- Data shown:
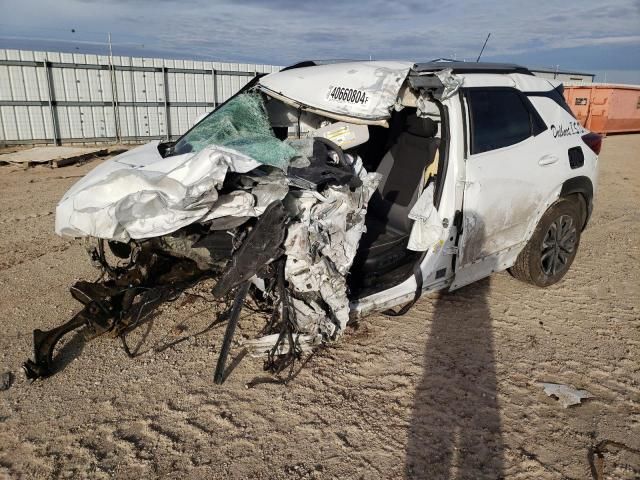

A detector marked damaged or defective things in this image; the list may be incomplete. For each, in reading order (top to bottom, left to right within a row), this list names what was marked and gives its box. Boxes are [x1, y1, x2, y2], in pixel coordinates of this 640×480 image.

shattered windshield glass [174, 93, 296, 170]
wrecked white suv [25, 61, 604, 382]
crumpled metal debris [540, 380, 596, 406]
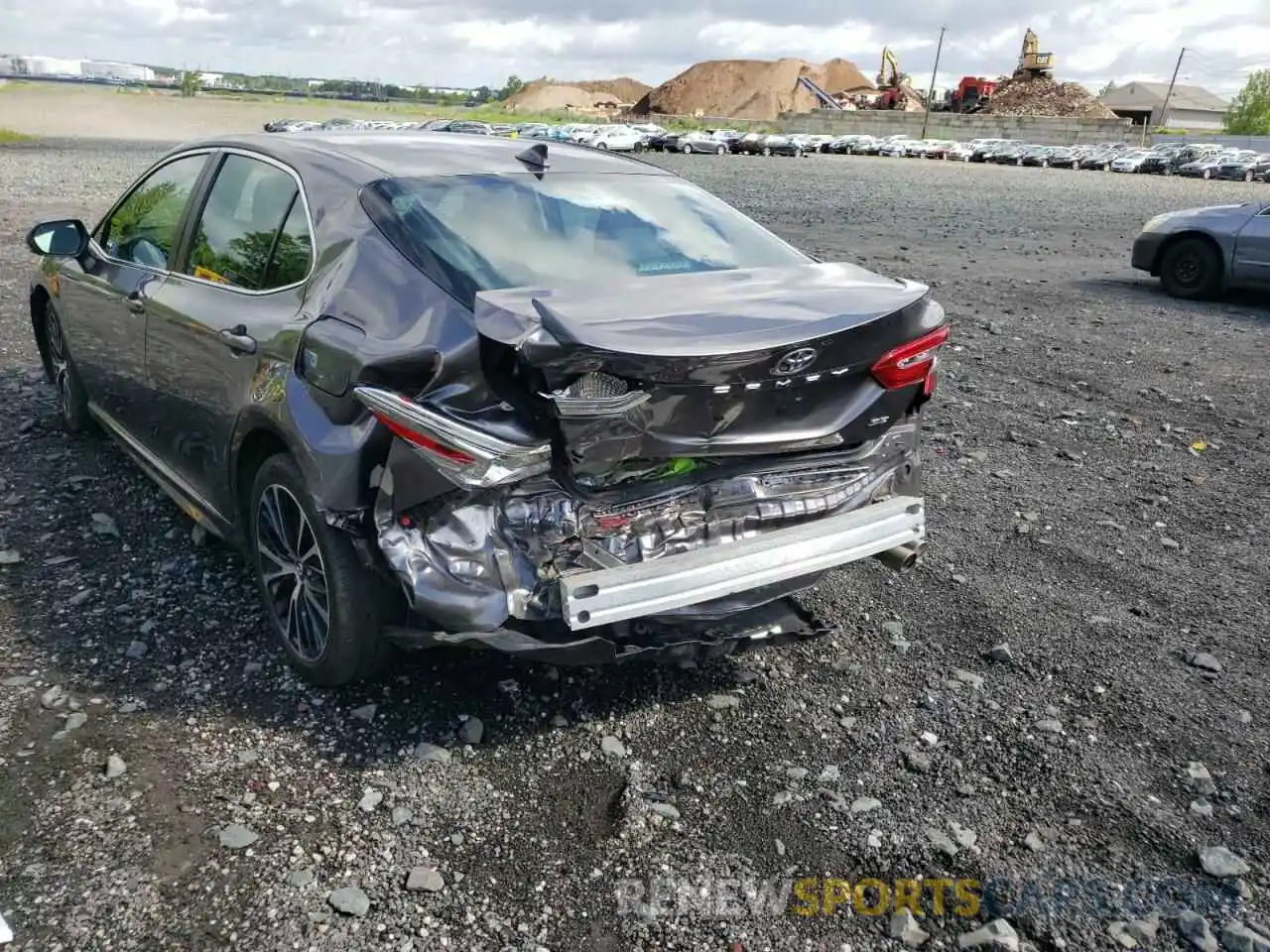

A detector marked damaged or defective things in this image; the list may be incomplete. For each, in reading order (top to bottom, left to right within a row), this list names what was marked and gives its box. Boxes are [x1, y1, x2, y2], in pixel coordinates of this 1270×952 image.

- Action item: An unchanged copy of the data, images excluded, is all that should be given.

- Answer below:
A detector marked damaged or defective things in this image; the list may be incomplete. For each, in reading order (top to bottom, left to right within a row), this list names what was marked and gives its box. Boxes are [x1, y1, x2, y2], in pixel coordinates of this 640×480 image.

shattered windshield glass [174, 93, 296, 170]
wrecked white suv [25, 61, 604, 382]
crumpled metal debris [540, 380, 596, 406]

A detector marked damaged or defective things in this image; the list may be incomplete. For each, in reading order (top to bottom, left to right within a row), this list names what was marked and gives its box. Boxes are [x1, y1, x2, y2], in pixel coordinates of this 1270×952 image.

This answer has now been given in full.